We are coming to the end of our 'deschooling' semester. After getting my son's testing done in January I came home feeling quite overwhelmed and sure that most everything I had been doing as a teacher was not good for my son.  I didn't feel like I had any energy left to fight the 'curriculum monster' and find a way to cram more information down my son's throat. I pretty much gave up on producing work samples and just went for reading and experiencing life together with my children.
I was going through was the 'deschooling' process.

I have a masters degree in education. I did very well in school. I taught high school mathematics. I have been engrained in the educational system my entire life. It was very hard to see my son through eyes other than those of someone who has relied on the education system to guide my life. I kept referring to the 'list' of skills that should be achieved at his age and the things we need to work on to get him up to speed. Although he is way ahead in many areas I was most concerned with the areas of weakness. I focused on his weakness and tried to get him to 'work' on that weakness.  I kept seeing him through the eyes of the public education system not the eyes of an educator.

It was not working. It was painful. It made him angry and me angry. It made us both want to cry. I had to stop. I had to stop just about everything.
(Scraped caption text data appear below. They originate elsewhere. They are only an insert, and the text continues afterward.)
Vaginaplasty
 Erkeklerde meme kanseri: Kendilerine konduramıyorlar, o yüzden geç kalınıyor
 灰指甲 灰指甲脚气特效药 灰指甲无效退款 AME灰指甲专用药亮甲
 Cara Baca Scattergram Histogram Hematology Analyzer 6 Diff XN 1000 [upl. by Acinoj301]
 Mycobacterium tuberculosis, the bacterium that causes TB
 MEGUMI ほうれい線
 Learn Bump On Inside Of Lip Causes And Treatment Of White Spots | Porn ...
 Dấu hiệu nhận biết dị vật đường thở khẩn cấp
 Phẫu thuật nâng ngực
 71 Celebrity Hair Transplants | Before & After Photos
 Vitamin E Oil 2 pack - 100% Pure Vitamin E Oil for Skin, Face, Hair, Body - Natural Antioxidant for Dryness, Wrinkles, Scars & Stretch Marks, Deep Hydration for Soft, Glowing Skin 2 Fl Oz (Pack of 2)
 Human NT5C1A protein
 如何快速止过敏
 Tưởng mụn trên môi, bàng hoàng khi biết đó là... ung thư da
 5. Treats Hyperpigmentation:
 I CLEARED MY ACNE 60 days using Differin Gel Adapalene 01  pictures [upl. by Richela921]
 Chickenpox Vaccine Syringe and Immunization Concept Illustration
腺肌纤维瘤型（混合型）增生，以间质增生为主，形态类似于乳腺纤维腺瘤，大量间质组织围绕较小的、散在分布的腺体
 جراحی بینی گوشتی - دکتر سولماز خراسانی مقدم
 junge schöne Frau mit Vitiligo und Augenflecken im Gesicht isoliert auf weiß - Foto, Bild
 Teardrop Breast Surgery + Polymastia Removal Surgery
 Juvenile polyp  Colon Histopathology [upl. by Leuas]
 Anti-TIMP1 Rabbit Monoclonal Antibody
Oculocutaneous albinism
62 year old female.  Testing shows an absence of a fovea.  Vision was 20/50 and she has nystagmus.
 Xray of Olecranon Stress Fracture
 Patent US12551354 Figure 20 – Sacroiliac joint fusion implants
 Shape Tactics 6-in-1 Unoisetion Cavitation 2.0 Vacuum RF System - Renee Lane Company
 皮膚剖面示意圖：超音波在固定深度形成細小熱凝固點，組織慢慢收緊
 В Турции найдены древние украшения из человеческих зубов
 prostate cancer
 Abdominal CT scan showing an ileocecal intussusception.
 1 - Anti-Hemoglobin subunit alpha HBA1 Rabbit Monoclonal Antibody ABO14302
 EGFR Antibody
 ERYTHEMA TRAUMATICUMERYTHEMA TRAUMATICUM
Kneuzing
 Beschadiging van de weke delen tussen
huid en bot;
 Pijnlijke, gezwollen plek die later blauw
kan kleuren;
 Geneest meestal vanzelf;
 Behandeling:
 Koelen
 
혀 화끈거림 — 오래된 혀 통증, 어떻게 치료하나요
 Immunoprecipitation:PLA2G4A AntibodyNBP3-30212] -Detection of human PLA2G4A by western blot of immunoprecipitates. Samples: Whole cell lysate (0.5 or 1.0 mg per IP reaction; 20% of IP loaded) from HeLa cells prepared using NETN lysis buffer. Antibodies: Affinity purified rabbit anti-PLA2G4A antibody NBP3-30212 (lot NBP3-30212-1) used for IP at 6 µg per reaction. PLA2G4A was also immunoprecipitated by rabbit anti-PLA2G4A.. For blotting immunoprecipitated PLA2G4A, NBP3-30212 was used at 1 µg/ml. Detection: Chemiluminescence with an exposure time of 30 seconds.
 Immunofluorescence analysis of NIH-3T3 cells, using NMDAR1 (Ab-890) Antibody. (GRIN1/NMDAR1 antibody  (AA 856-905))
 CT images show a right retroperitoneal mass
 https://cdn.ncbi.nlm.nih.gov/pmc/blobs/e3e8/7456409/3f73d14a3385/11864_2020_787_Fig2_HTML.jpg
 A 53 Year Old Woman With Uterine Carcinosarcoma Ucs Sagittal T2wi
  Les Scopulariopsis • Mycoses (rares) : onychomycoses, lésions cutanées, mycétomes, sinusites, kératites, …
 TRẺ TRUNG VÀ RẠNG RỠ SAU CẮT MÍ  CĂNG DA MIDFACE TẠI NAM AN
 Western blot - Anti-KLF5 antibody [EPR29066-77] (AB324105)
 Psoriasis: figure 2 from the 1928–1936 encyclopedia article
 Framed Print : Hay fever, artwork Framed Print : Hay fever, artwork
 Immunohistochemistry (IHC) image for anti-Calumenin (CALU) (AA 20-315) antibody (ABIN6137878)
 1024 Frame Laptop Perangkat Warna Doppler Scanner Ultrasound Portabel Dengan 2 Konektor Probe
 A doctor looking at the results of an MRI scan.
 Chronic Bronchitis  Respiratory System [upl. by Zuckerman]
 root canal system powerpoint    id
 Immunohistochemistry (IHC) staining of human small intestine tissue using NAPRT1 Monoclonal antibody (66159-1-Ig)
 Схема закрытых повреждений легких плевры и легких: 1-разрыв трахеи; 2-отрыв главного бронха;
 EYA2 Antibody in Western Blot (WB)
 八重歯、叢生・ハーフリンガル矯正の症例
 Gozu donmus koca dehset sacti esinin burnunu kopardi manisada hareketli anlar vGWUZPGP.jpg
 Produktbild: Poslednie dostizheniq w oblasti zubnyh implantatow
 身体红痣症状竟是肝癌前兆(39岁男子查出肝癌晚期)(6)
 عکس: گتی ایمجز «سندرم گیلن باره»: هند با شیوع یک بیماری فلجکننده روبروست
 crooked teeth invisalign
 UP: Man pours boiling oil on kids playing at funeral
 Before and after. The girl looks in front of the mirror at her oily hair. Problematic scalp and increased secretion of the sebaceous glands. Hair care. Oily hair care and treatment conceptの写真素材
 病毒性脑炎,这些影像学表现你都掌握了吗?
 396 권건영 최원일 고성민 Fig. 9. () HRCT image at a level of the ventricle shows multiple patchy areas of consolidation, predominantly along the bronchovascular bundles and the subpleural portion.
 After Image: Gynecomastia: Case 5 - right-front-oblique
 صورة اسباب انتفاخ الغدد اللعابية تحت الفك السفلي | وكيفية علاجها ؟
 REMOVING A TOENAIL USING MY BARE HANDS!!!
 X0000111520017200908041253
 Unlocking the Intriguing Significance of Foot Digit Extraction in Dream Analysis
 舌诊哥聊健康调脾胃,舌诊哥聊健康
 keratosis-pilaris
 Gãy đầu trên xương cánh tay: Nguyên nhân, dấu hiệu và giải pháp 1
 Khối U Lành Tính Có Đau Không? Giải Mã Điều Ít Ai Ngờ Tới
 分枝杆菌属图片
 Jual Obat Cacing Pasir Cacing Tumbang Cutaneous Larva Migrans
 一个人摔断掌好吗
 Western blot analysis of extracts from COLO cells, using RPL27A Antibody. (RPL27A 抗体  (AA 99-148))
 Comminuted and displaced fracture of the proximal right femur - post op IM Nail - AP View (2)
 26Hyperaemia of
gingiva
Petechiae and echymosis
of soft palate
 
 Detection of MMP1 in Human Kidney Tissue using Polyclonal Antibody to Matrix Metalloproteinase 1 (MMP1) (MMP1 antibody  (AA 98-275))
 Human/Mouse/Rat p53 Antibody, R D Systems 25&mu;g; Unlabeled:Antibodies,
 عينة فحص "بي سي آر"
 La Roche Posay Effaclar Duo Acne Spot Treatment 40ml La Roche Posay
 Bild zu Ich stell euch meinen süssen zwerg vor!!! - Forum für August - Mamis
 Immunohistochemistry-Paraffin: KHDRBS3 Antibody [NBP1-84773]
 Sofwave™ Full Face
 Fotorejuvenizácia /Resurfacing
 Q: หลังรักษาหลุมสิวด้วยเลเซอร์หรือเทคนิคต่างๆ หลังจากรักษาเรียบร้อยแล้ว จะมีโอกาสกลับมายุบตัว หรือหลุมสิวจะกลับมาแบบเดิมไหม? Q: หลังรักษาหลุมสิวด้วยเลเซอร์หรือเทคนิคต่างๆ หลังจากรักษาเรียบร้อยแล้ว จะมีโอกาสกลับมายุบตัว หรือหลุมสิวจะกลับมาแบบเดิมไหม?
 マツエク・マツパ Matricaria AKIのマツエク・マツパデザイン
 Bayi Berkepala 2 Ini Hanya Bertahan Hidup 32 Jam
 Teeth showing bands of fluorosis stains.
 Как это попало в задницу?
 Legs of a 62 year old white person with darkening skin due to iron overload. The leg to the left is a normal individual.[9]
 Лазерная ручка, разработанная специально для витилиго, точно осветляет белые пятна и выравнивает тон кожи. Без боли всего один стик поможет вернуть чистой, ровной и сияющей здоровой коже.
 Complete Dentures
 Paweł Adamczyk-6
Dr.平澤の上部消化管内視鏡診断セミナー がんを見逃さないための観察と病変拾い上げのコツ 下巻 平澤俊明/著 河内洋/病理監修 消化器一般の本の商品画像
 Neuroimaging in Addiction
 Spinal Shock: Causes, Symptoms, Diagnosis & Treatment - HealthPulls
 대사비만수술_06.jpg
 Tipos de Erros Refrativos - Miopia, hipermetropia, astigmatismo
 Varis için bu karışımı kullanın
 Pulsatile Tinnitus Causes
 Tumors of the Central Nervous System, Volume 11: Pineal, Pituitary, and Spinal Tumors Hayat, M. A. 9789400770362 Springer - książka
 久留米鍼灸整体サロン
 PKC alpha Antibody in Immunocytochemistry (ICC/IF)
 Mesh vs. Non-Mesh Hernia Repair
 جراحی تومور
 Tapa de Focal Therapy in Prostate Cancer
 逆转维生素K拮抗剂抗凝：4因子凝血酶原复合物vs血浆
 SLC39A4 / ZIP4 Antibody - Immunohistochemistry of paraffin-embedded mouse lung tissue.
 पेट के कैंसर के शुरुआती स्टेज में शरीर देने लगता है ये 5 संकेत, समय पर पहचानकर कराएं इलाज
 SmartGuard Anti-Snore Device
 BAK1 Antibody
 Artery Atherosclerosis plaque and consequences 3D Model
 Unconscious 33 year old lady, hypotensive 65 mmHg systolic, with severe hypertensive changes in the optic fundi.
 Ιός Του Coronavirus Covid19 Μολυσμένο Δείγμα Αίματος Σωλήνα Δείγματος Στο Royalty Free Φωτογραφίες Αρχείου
We cut 'school' down to about 10min a day.  One page of math (3 problems), maybe one page of handwriting, maybe one vocabulary, or reading and only a couple times a week. We did the bare minimum needed to produce work for our ES. We calmed down. We found time to read together and go hiking and play games and build legos.  We found the calm center of our being together of our enjoyment of one another. This was my deschooling experience and it felt good. I was enjoying being home with my children.

Now it is May. I am looking toward September and wondering if I will be able to maintain this sense of calm and joy when we start up 'school' again. I need more structure. I need to feel like we are making chartable progress. I need some of the reassurances I get from school structure, feedback telling me we are 'on track'. I want to feel my child will have choices when they get to the age they are ready to choose for themselves. Will I be able to create a curriculum that both fills my needs as a parent and the needs of my very different children and their learning styles? Will I rise to the challenge? Can I become a true educator?

I think I can.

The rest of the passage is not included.